Makes about 4 to 5 servings.
I like to eat it with naan bread.

Av


----------



## Bethsy (Jan 14, 2007)

Hey hey,
Looks brilliant! Thanks heap. The only thing is.... what are yellow split peas?
Bethsy.


----------



## Avlynn (Jan 15, 2007)

Well i don't knowwhat split peas are. They are by the lentils at my corner market. I buy them dry. They have green, yellow and sometimes pink. I'm pretty sure they are a legume. I think. Well i really have no idea. Maybe they are a veggie. 

All i know is i like um 

Av


----------



## karadekoolaid (Jan 15, 2007)

Yellow split peas are available in Indian markets, but in other places too. They are actually peas, but are yellow. You may also find green split peas. 

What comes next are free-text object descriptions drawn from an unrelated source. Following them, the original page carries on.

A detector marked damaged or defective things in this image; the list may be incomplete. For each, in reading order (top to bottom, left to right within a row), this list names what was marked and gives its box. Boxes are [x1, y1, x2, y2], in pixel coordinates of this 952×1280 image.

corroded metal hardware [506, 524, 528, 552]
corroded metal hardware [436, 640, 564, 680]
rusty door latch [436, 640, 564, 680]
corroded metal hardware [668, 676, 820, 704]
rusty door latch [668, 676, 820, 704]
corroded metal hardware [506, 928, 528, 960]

If I remember rightly, Indian cookery uses 3 different types of legume/grain: 
Peas ( sometimes split peas) 
Beans (usually whole)
Lentils

In your Indian grocery you'll find them all described as "Dal" or "Daal". You'll discover a wealth of different colours and flavours - pink, brown and green lentils,(Masoor dal)  split chick peas (Chenna Dal), tiny green, black and yellow "Chinese" peas ( called Moong dal or urid dal). 

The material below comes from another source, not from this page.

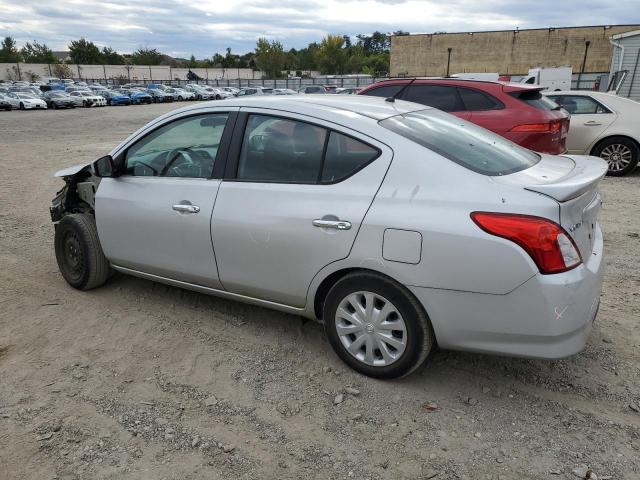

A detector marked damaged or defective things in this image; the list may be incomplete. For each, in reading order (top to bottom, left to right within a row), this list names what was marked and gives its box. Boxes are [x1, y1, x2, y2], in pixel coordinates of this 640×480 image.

exposed front wheel [592, 137, 636, 176]
exposed front wheel [54, 215, 112, 290]
exposed front wheel [324, 272, 436, 376]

These are used to thicken stews; as a simple (or complex) preparation on their own; to make soups; to make "Rasam" (pepper water); to make fried snacks and even used as a "peanut" sub in cheewra.

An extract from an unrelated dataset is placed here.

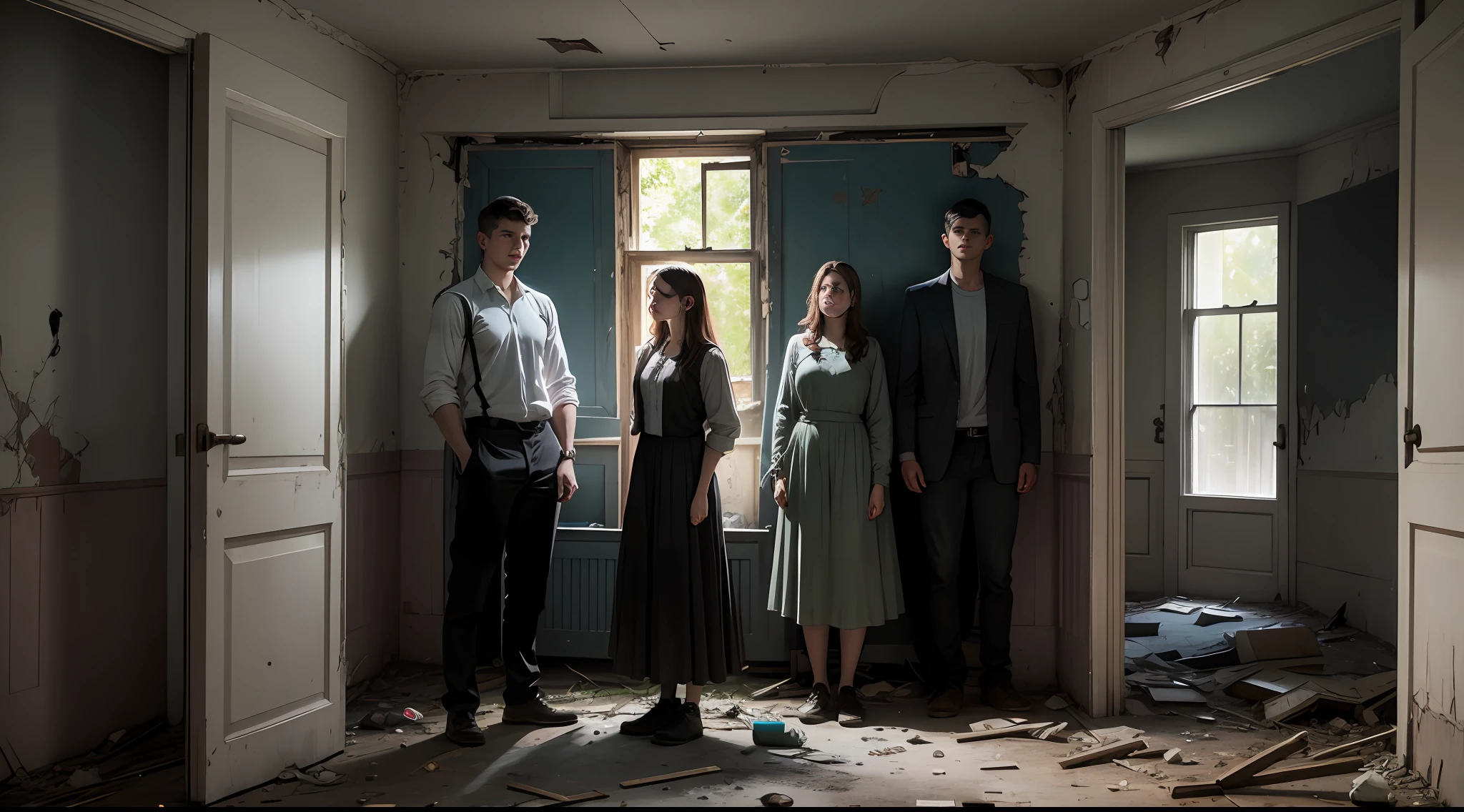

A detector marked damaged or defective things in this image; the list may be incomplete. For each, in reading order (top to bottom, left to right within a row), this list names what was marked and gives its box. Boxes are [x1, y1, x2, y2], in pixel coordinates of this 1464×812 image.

broken window frame [620, 146, 772, 526]
peeling wall paint [397, 60, 1064, 455]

Just go ahead and buy some , then ask the store attendant how best to prepare them!


----------



## subfuscpersona (Jan 16, 2007)

*re What are yellow split peas*



			
				Bethsy on Jan 14 2007 said:
			
		

> ...the only thing is.... what are yellow split peas?


yellow split peas are, ummmmm, yellow split peas...yellow split peas look like this 
> [size=+2]pea[/size] - the seed found in the pod of certain kinds of legumes (peas are "pulses" -  "pulses" are a type of "legume")
> [size=+2]split[/size] - a pea is round/spherical, a split pea is half a whole pea
> [size=+2]yellow [/size] - they're yellow

here's a definition of *legumes*


> A specific type of plant, belonging to the family Fabaceae (formerly Leguminosae). These plants produce their fruit as a pod and generally possess nitrogen-fixing bacteria in nodules on their roots. Examples of legumes include [size=+2]peas[/size], beans, and alfalfa.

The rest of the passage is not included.